Harga pulp yang tinggi di pasar internasional (saat ini harganya US$ 680 - 700 per ton) dan konsumsi kertas yang terus meningkat merupakan dua faktor utama yang merangsang pertumbuhan industri pulp dan kertas di Indonesia. Meskipun harga pulp dan kertas di pasar internasional berfluktuasi dari waktu ke waktu, produsen pulp dan kertas di Indonesia sulit untuk rugi. Biaya produksi pulp di Indonesia sebelum krisis ekonomi terjadi hanya US$ 217 per ton (saat ini US$ 250-300), jauh lebih rendah dibandingkan biaya pembuatan pulp di kawasan Asia/Pasifik, Amerika Latin, Amerika Utara, Eropa Barat dan Jepang, yaitu masing-masing US$ 250, 260, 300, 420, dan 590. Brazil dan Chile merupakan saingan kuat Indonesia, dengan biaya produksi pulp per ton masing-masing US$ 231 dan 241.

Asal bahan baku dari hutan alam
Mega sukses industri pulp dan kertas dapat dianggap sebagai dewa penyelamat terutama bila dikaitkan dengan krisis harga kertas yang sering terjadi. Industri pulp dan kertas juga dapat diandalkan untuk meraup Dollar. Karena itulah pemerintah telah mencanangkannya sebagai salah satu dari 10 komoditi andalan ekspor.

Namun bila mengetahui dari mana asal-usul bahan baku pembuat kertas, maka “wajah angker” industri pulp dan kertas akan terlihat jelas. Sampai sekarang tercacat beberapa bahan baku pembuat kertas, antara lain merang, bagas, bambu, kertas bekas dan kayu bulat. Industri pulp skala besar, yang kebanyakan didirikan di luar pulau Jawa, bahan baku utamanya adalah kayu bulat yang berasal dari hutan alam (aktivis LSM lingkungan hidup menyebutnya ‘pulping the rain forest”). Industri pulp yang telah lama didirikan di Pulau Jawa belakangan ini juga menggunakan kayu sebagai bahan baku utamanya. Sampai saat ini, masih lebih dari 90% bahan baku kayu untuk “memberi makan” industri pulp di Indonesia berasal dari hutan alam, utamanya adalah kayu IPK (Ijin Pemanfaatan Kayu), yaitu kayu berbagai jenis yang dihasilkan dari kegiatan land clearing pada areal hutan alam yang akan dikonversi untuk berbagai keperluan, misalnya untuk areal pembangunan hutan tanaman industri (HTI) dan perkebunan kelapa sawit.

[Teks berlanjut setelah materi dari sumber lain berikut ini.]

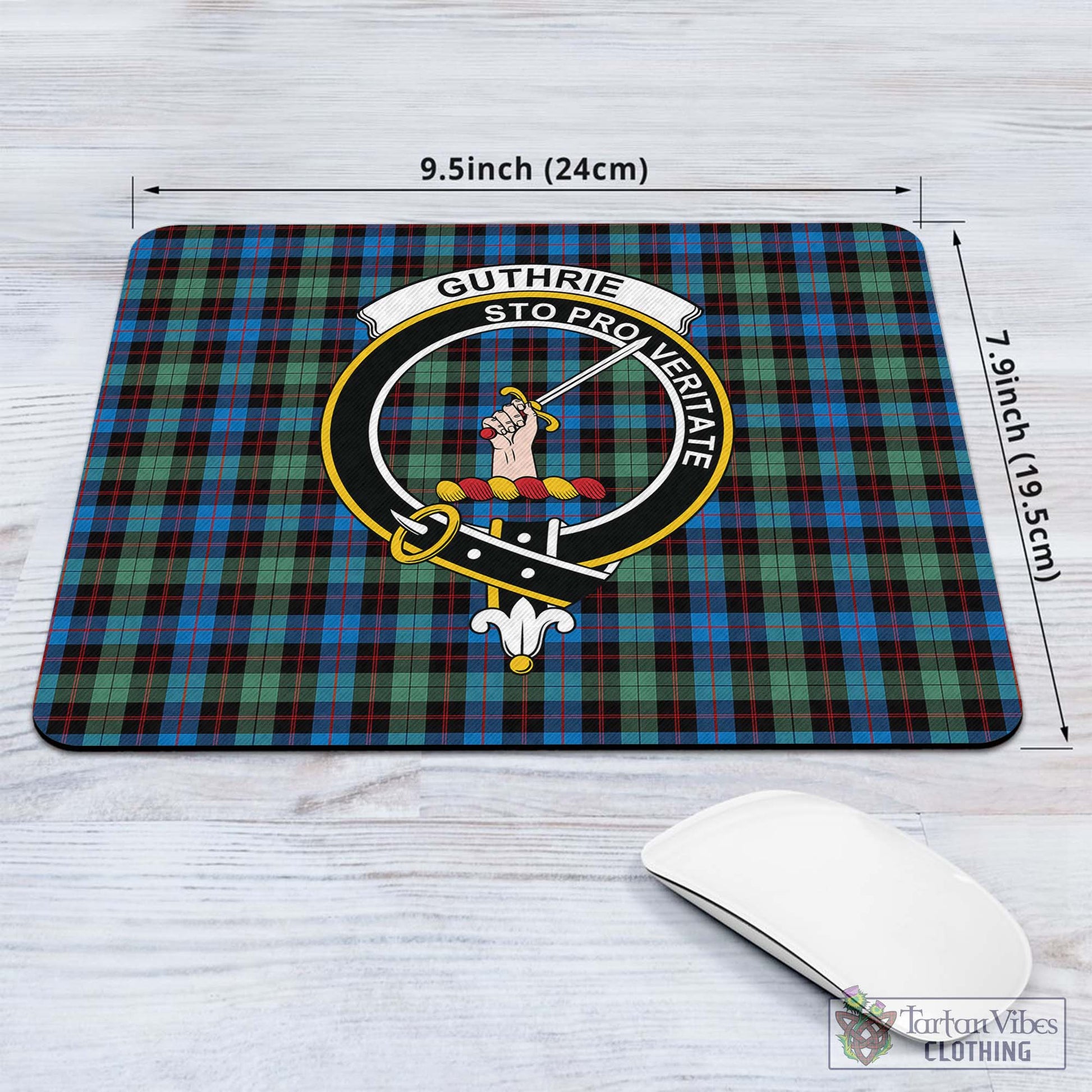 Tartan Vibes Clothing Guthrie Ancient Tartan Mouse Pad with Family Crest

Realisasi pembangunan HTI terlalu lambat
Untuk memenuhi kebutuhan bahan baku industri pulp dan kertas, sejak awal tahun 1990 pemerintah dan pengusaha melakukan pembangunan HTI, terutama HTI-pulp. Namun hampir semua industri pulp dan kertas telah beroperasi sebelum HTI-pulp dapat dipanen, bahkan sebelum HTI ditanam. Akibatnya, hutan alam yang telah lama mengalami over eksploitasi juga menjadi tumpuan utama sumber bahan baku industri pulp dan kertas.

Sementara itu, realisasi pembangunan HTI sangat lambat. Sampai Desember 1998 realisasi pembangunan HTI dilaporkan mencapai 1.642.583 ha, atau 22,2% dari total 7,385,948 ha luas konsesi Hak Pengusahaan HTI yang telah diberikan pemerintah kepada 161 perusahaan. Diantaranya telah dibangun HTI-pulp seluas 1.054.634 ha atau 21.35% dari total 4.939.282 ha areal konsesi HTI-pulp yang telah diberikan kepada 29 perusahaan pemegang HPHTI (Direktorat Bina Pengusaha Hutan,1999). Sebagian besar HTI yang telah dibangun sampai saat ini belum dapat dipanen. Data Statistik Pengusahaan Hutan menunjukkan pada tahun 1997/1998 produksi kayu HTI hanya 425.893 m3. Jika dibandingkan dengan kapasitas produksi industri pulp pada tahun 1997 maka jumlah tersebut sangatlah kecil

Semakin merusak hutan alam
Dengan diambilnya bahan baku kayu untuk industri pulp dari hutan alam maka tekanan terhadap hutan alam semakin besar. Sebelumnnya, sejak adanya kebijakan larangan ekspor kayu bulat pada tahun 1980, di Indonesia telah terjadi booming pembangunan industri kayu lapis, industri kayu gergajian dan kemudian industri pengolahan kayu hilir. Perkembangan industri perkayuan yang sangat pesat menyebabkan kapasitas total industri perkayuan Indonesia melampaui kemampuan hutan produksi untuk menyediakan bahan baku secara lestari.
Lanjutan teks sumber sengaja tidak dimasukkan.